PROVIDED DATA>
+---+

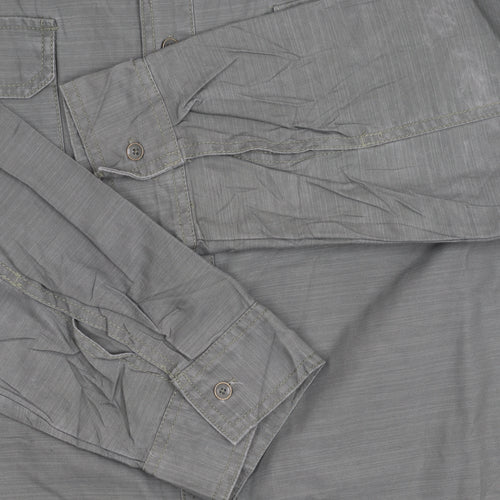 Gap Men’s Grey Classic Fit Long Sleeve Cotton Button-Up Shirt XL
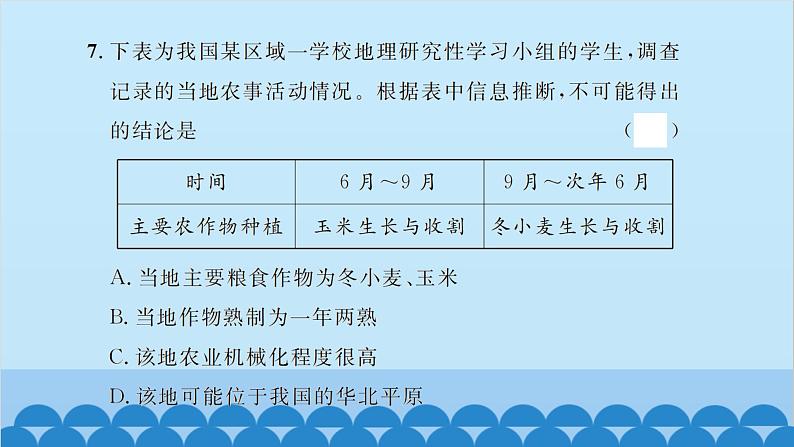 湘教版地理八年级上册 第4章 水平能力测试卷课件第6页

+---+

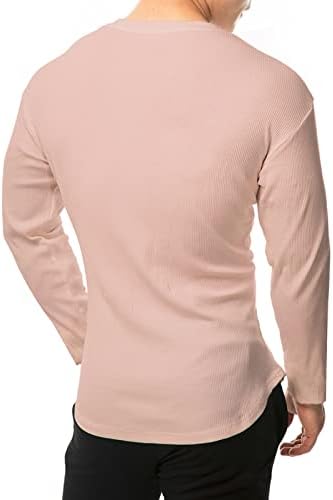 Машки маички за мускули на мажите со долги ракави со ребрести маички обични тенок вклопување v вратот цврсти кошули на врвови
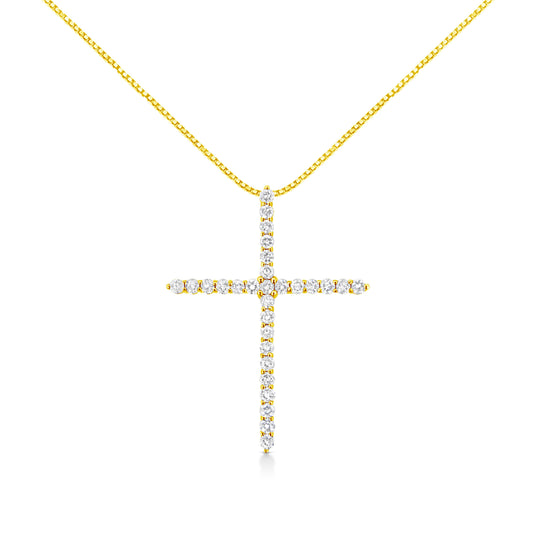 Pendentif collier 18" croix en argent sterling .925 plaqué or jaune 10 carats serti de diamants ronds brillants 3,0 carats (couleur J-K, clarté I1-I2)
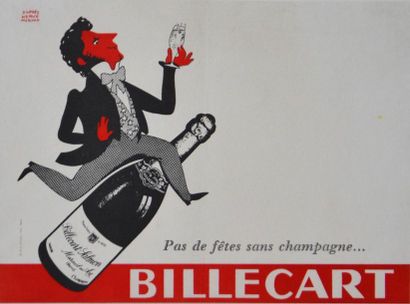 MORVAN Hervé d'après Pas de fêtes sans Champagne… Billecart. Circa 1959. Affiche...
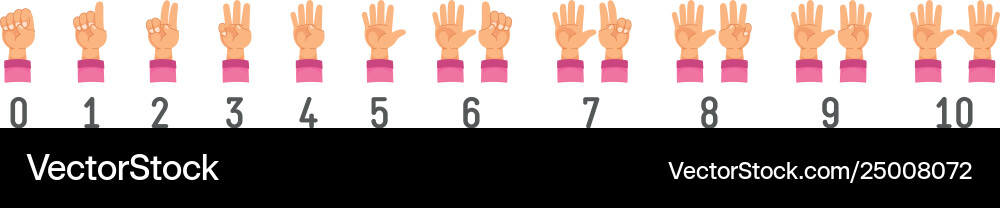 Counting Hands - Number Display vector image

+---+

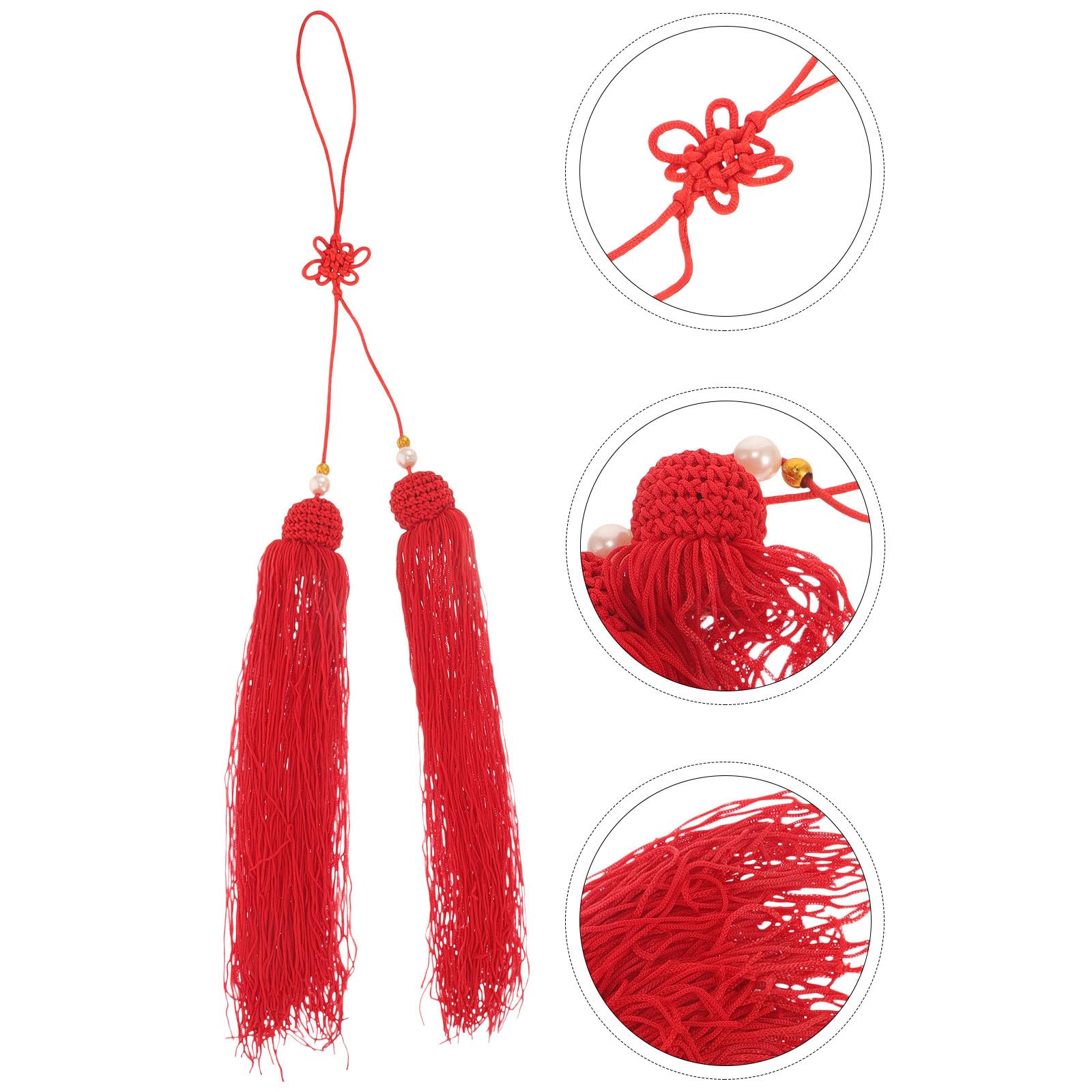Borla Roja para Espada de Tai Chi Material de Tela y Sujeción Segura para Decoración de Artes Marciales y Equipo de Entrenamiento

+---+

WORK REQUIRED>
In the data above, find the line containing "J-K, clarté I1-I2)" and the line containing "Counting Hands - Number Display vector image". Repeat those two lines and everything between them exactly, minus the pictures.

ANSWER BELOW>
 Pendentif collier 18" croix en argent sterling .925 plaqué or jaune 10 carats serti de diamants ronds brillants 3,0 carats (couleur J-K, clarté I1-I2)
 MORVAN Hervé d'après Pas de fêtes sans Champagne… Billecart. Circa 1959. Affiche...
 Counting Hands - Number Display vector image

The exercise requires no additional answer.